The University of Missouri School of Law is committed to the principle of equal employment opportunities for all of its students and graduates, commensurate with their abilities and not limited by invidious discrimination, including discrimination based on race, sex, age, religion, color, national origin, disability, sexual orientation, gender identity, gender expression, status as a veteran, or any other basis forbidden by applicable law or university regulation.
The Law School may restrict or refuse services to any employer whose conduct is determined to have violated this policy, regardless of whether the conduct occurred on campus or elsewhere, during the recruiting process, or during summer or other employment of a law student, including employment as an intern or extern.

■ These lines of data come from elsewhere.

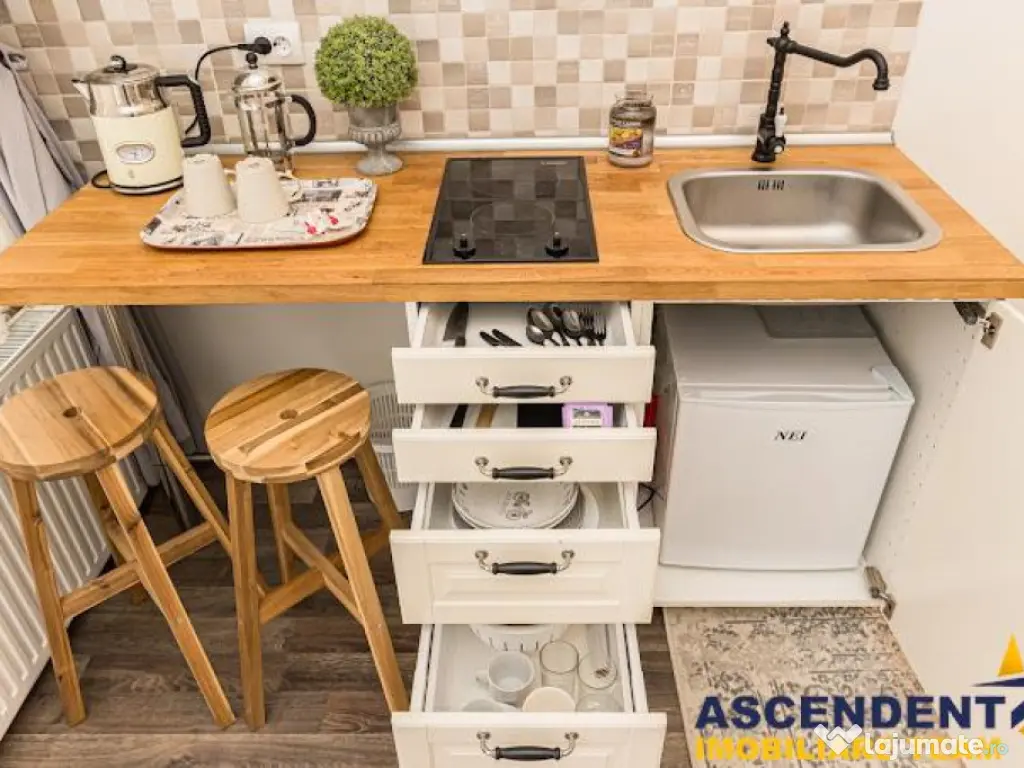 Casa cu 3 apartamente transfer afacere, locuri parcare, Ce 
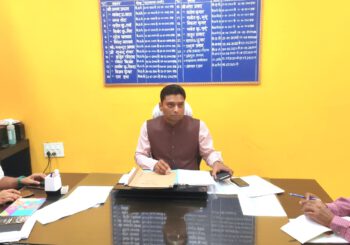 जिलाधिकारी ने लक्ष्मीपुर प्रखंड कार्यालय का किया औचक निरीक्षण, कार्य में कोताही बरतने पर कर्मचारियों पर गिरी गाज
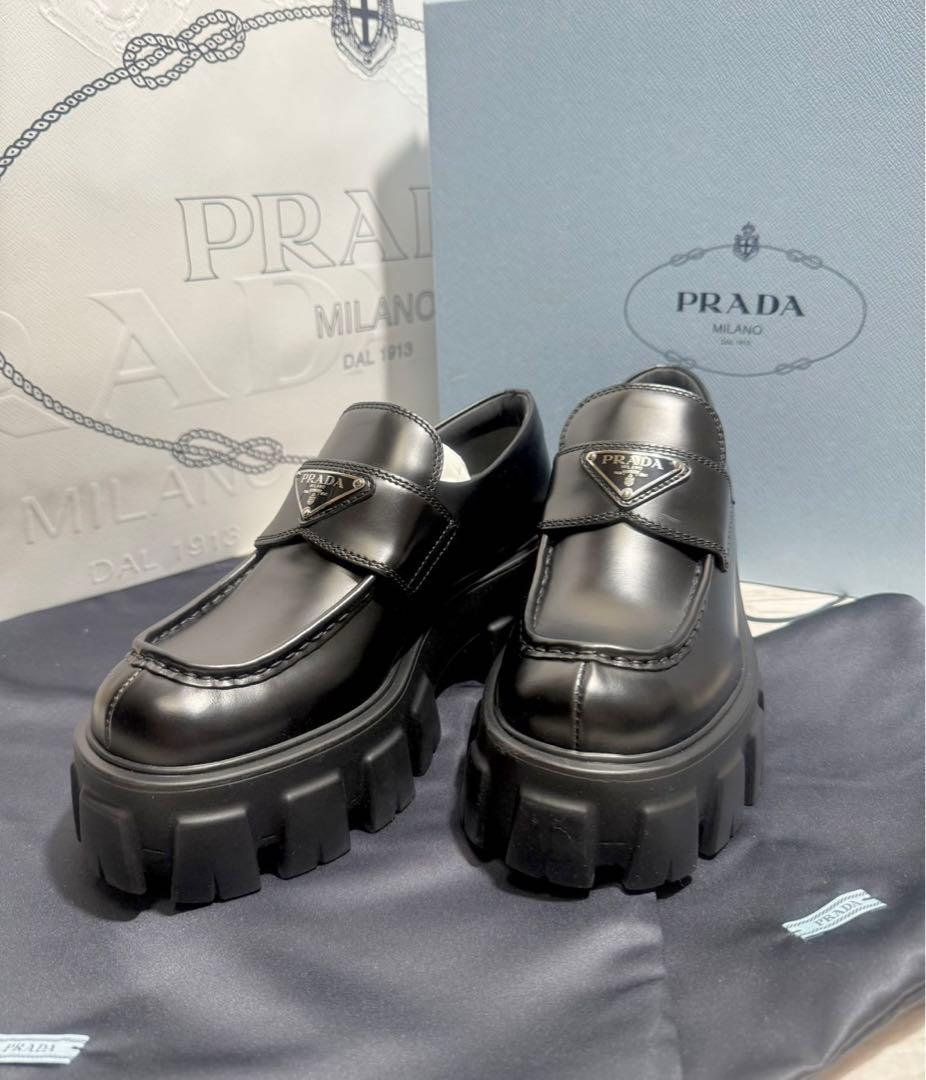 定価17万/未使用☆プラダ モノリスブラッシュドレザーローファー/ブラック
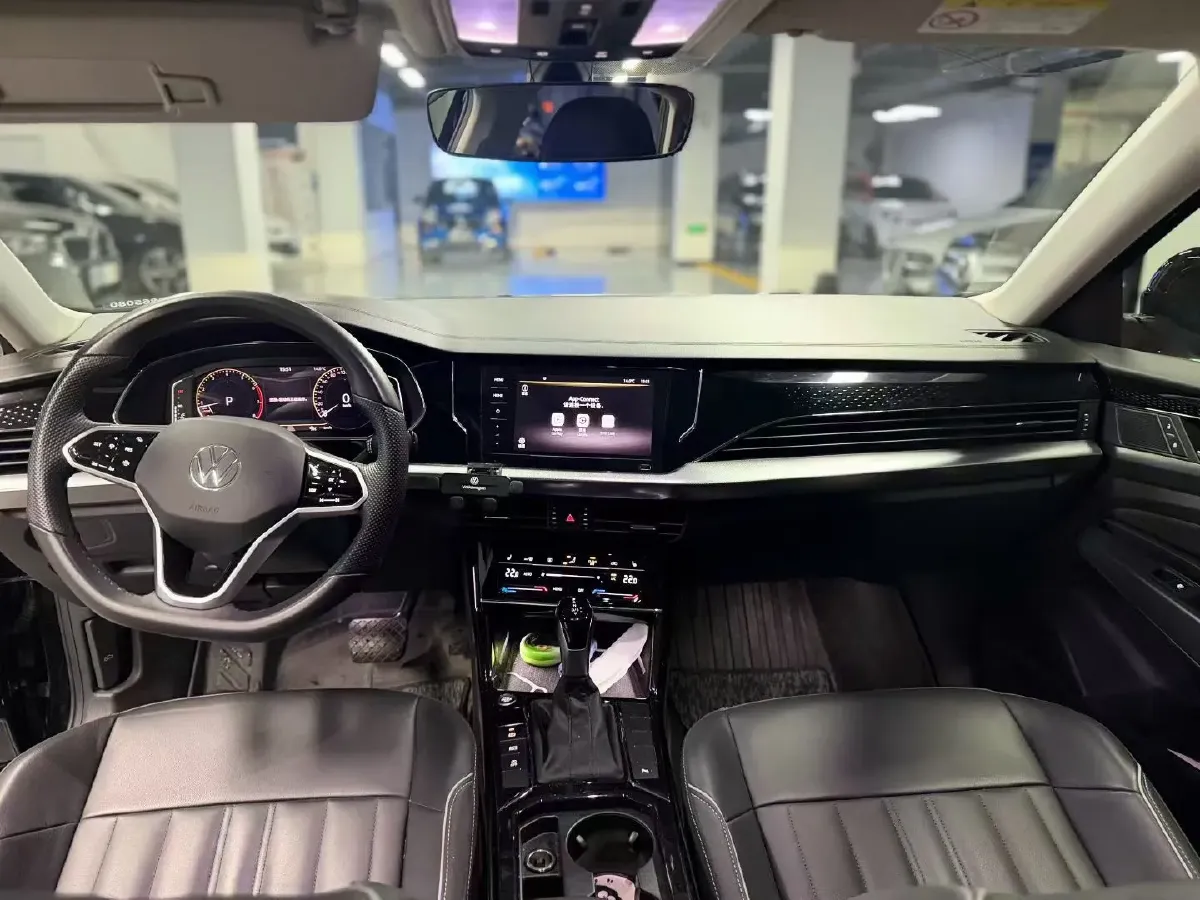 2023 Volkswagen Passat 2.0T 186HP L4 7DCT,autocango,china used car exporter,china ev exporter,chinese used car exporter,chinese used ev exporter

Complaint procedures have been established to provide a means for students who believe an employer has violated the Non-Discrimination Policy to bring the alleged conduct to the attention of the Law School. Notwithstanding the foregoing, based on current federal law and regulations, (the Solomon Amendment) the School is compelled to allow the military to recruit our students on campus or risk the loss of federal funding.
Interviewers may and should ask novel or unusual interview questions to gauge a candidate’s analytical ability, professional demeanor, legal or academic experience, or other business-related skills. However, such questioning should not be used to elicit information regarding an applicant’s race, gender, marital/parental status, age, religion, color, national origin, disability, sexual orientation, or veteran status.
Federal and state laws prohibit workplace discrimination, including harassment, because of race, color, national origin, sex (including pregnancy), religion, disability, or age (age 40 or older). Some state and local laws also prohibit discrimination based on sexual orientation. Harassment can occur in a wide variety of circumstances, and by a wide variety of people. The harasser could be your manager or supervisor, a co-worker, or even a client. However, not all offensive or inappropriate behavior is illegal harassment. In order for the conduct to be considered illegal, it must be unwanted, and so frequent or severe that it creates a hostile or offensive work environment. Depending on the severity and frequency, illegal harassment can include off-putting jokes or comments, ridicule, insults, epithets and slurs, as well as physical assaults, intimidation, and threats. Exposing someone to offensive objects or pictures can also be considered illegal harassment.
Victims of workplace harassment are encouraged to inform the harasser directly that the conduct is unwelcome and should cease. Harassment should also be reported to management. Many employers have procedures in place for reporting harassment, and these should be reviewed and followed. The Law School also encourages anyone who has witnessed or been the victim of workplace harassment while a law student to file a complaint with the Career Development Office.